§ **Data records**
+ + +
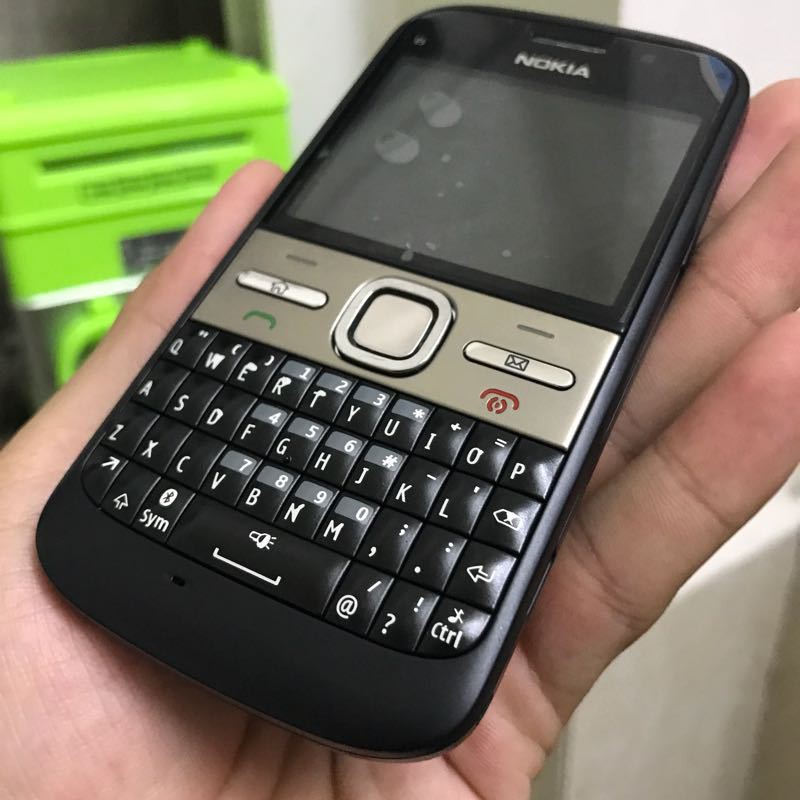 Điện thoại cổ Nokia e5 00 có pin và sạc giá rẻ bảo hành 12 tháng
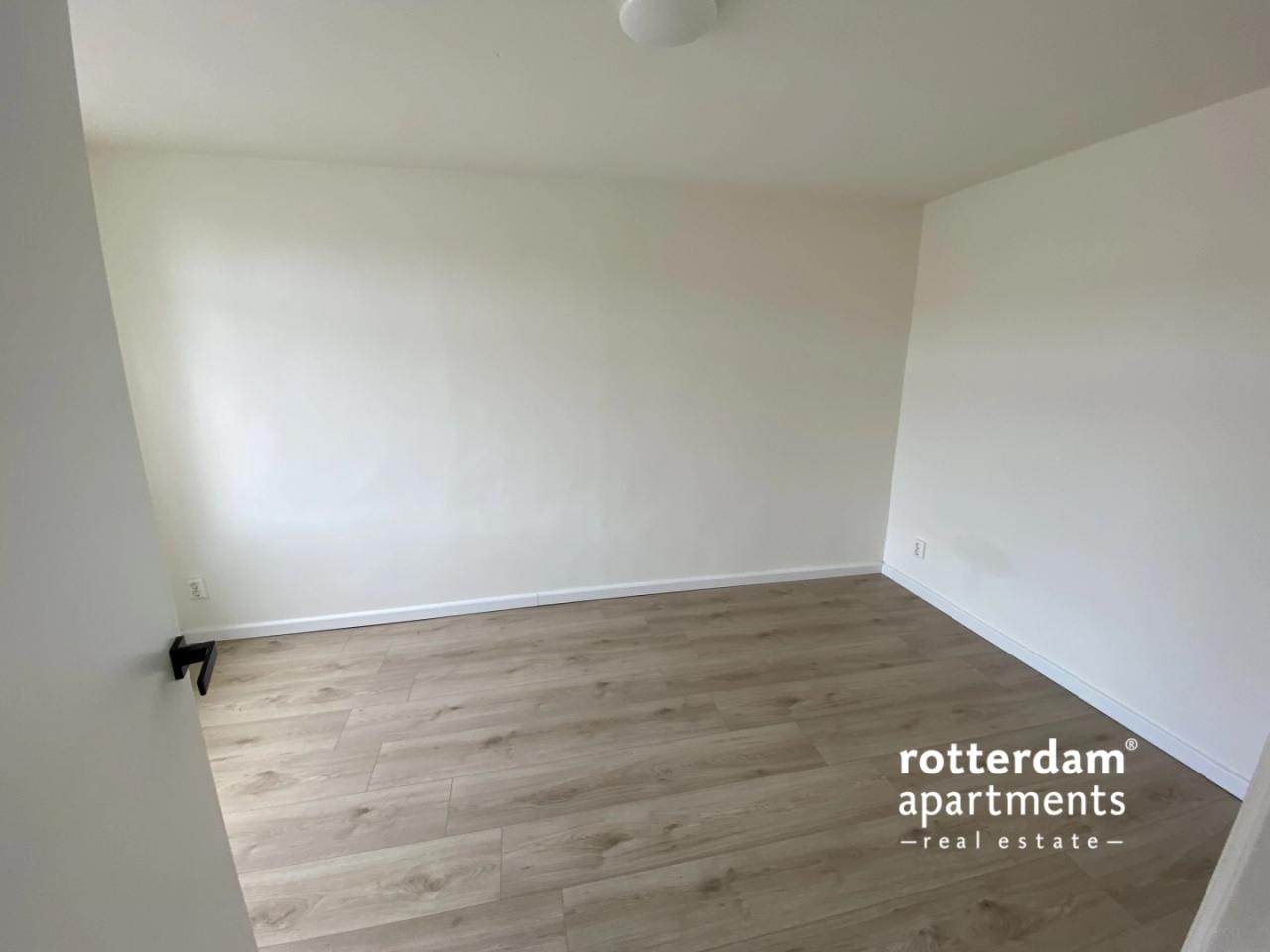 Room with Shared Balcony in Schiedam - Image 9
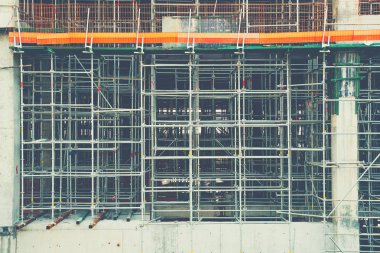 İnşaat alanında, çelik yapı yapım aşamasında.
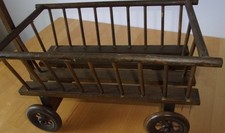 Leiterwagen aus Holz,  alt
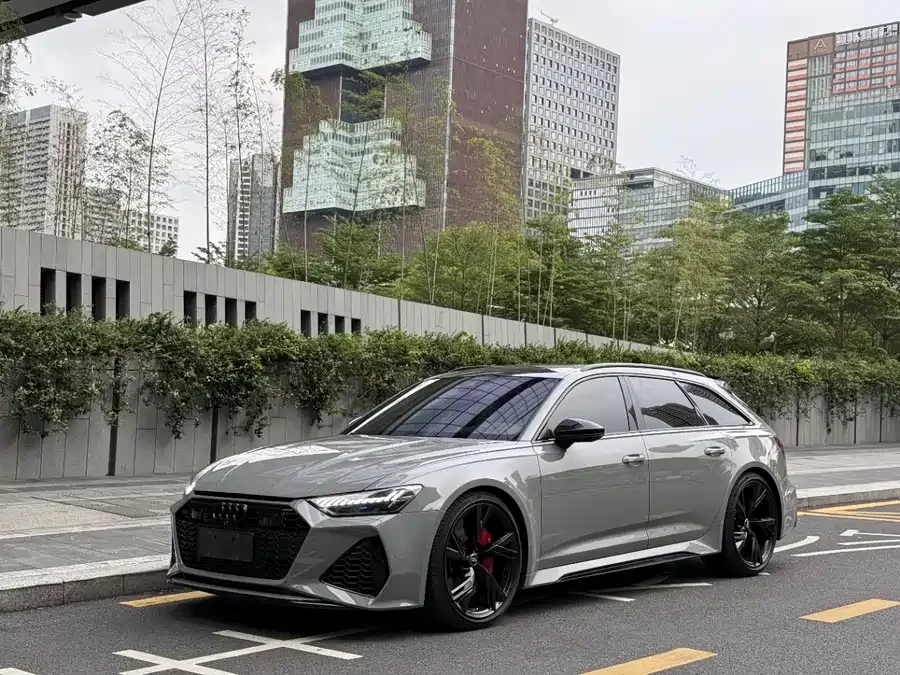 Audi RS 6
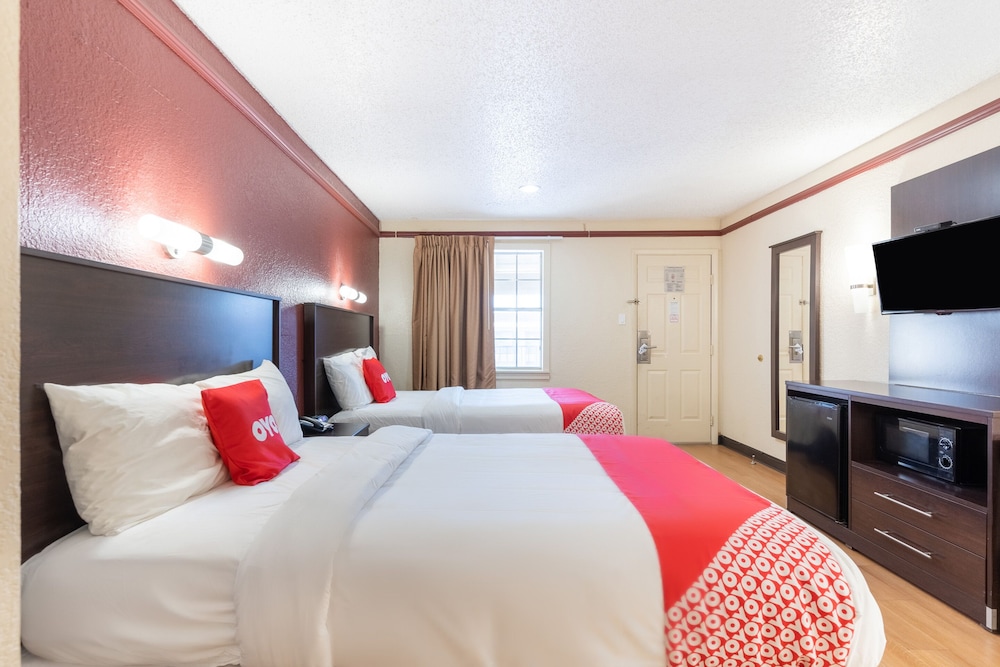 OYO Hotel Tulsa N Sheridan Rd & Airport - photo 20
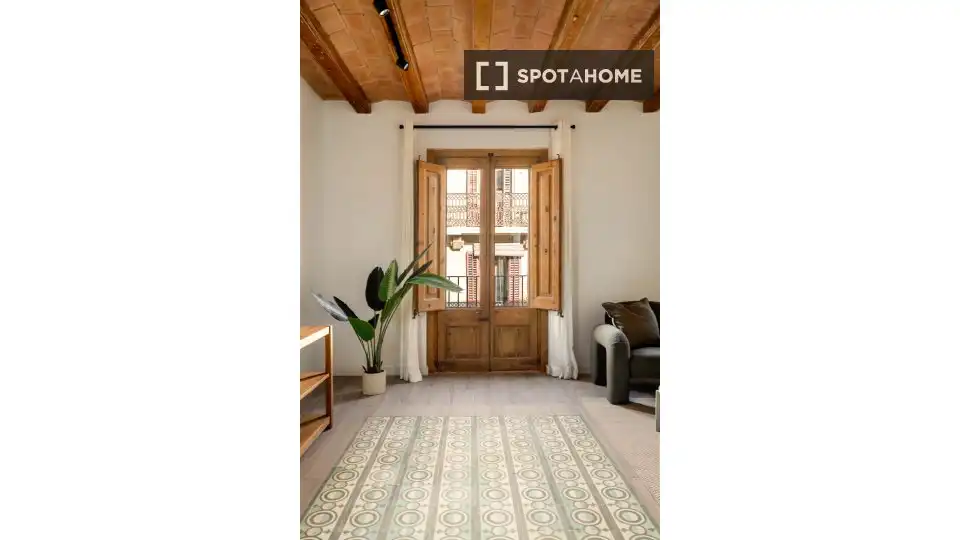 Flat with terrace to rent in Ciutat Vella, imagen 4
+ + +
§ **Problem requirements**
Quote, exactly and only, the lines from the first line of the data above through the line containing "OYO Hotel Tulsa". The pictures do not belong in it.

§ **Solution for this exercise**
 Điện thoại cổ Nokia e5 00 có pin và sạc giá rẻ bảo hành 12 tháng
 Room with Shared Balcony in Schiedam - Image 9
 İnşaat alanında, çelik yapı yapım aşamasında.
 Leiterwagen aus Holz,  alt
 Audi RS 6
 OYO Hotel Tulsa N Sheridan Rd & Airport - photo 20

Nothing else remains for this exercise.